Adam and I were staying in a hotel on Columbus Circle. It was a very hot, humid, New York night. I could not sleep very well. It must have been around one or two in the morning when the telephone rang. Dazed and perspiring, very uncomfortable, I picked up the receiver and the somber, throaty voice of my friend the topologist Witold Hurewicz began to recite the horrible tale of the start of war: “Warsaw has been bombed, the war has begun,” he said. This is how I learned about the beginning of World War II. He kept describing what he had heard on the radio. I turned on my own. Adam was asleep; I did not wake him. There would be time to tell him the news in the morning. Our father and sister were in Poland, so were many other relatives. At that moment, I suddenly felt as if a curtain had fallen on my past life, cutting it off from my future. There has been a different color and meaning to everything ever since.

On the way to Cambridge, I accompanied Adam to Brown University in Providence, registered him as a freshman, and introduced him to a few of my friends, including Tamarkin and his son.
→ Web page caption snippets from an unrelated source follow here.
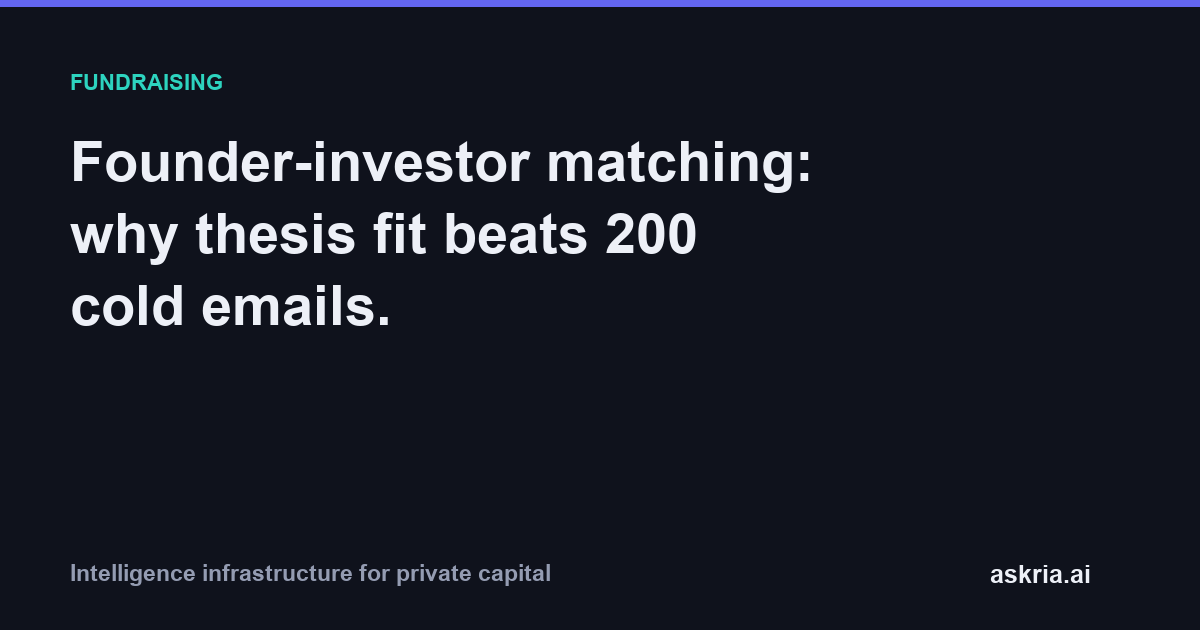 Why thesis-fit founder-investor matching beats sending hundreds of cold emails, and how to build a prioritised investor list
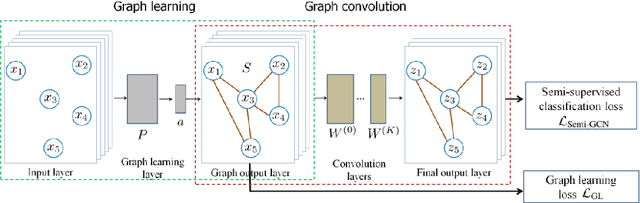 Figure 1 for Graph Learning-Convolutional Networks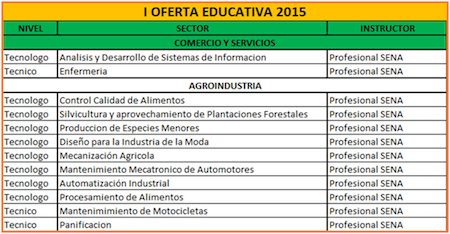 Primera Convocatoria SENA 2017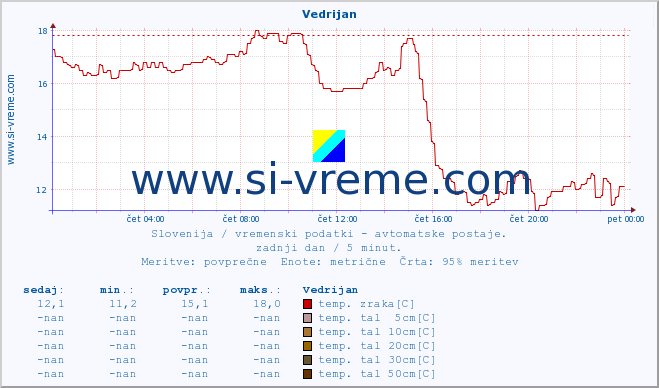 POVPREČJE :: Vedrijan :: temp. zraka | vlaga | smer vetra | hitrost vetra | sunki vetra | tlak | padavine | sonce | temp. tal  5cm | temp. tal 10cm | temp. tal 20cm | temp. tal 30cm | temp. tal 50cm :: zadnji dan / 5 minut.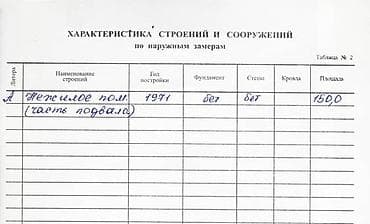 Недвижимость: Сдам 125 м² на Душанбинке по д бизнес. ОТОПЛЕНИЕ 0 СОМ! Сдается сухое — 3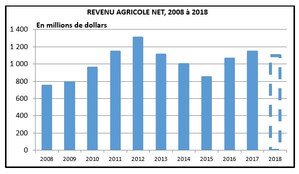 Dévoilement de l'Agroindicateur 2018 : un revenu agricole net prévu de 1,1 milliard de dollars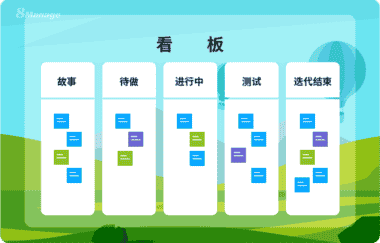 看板对项目管理的好处有哪些？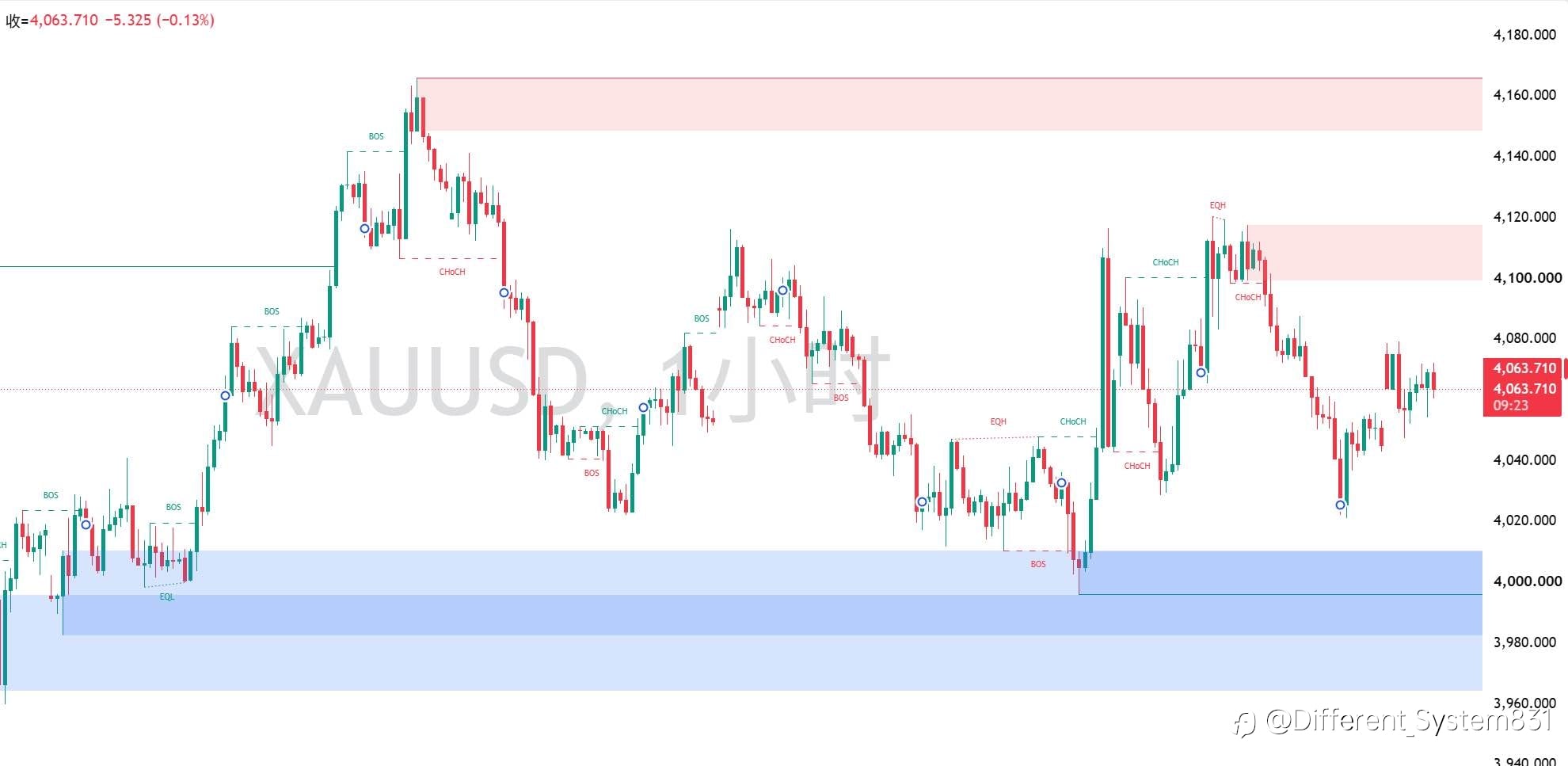 8.3 现货黄金(XAU/USD)午间观点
His English was quite good, and he did not seem to mind being left alone in college.

I became a compulsive buyer of newspapers, all the extra editions every hour, and easily went through eight or ten papers a day looking for news of Lwów, of the military situation, and of the progress of battles. Early in September I saw in the Boston Globe a large photograph of Adam surrounded by other young freshmen at Brown. It was captioned, “Wonders whether his home was bombed.”

From the start, Adam did very well in school; a few months later, he was able to obtain a tuition waiver. Nevertheless we were finding ourselves in severe financial straits. The proposed income from Britain had been frozen — the English government stopped all outgoing money, and my salary as a lecturer at Harvard was hardly sufficient to put a younger brother (who was not allowed to work because he was on a student visa) through college. On previous trips, I had never thought of transferring funds or property from Poland. Now it could no longer be done. I went to see a dean of the College and explained my situation. His name was Ferguson, and I feared that with such a Scottish name he would be rather parsimonious. Fortunately he was not. I told him that if I could not get a little more assistance from the University, I would be forced to leave my academic career and look for some other means of support. He was sympathetic and was able to find two or three hundred dollars more for the year, which was a sizable help in those days.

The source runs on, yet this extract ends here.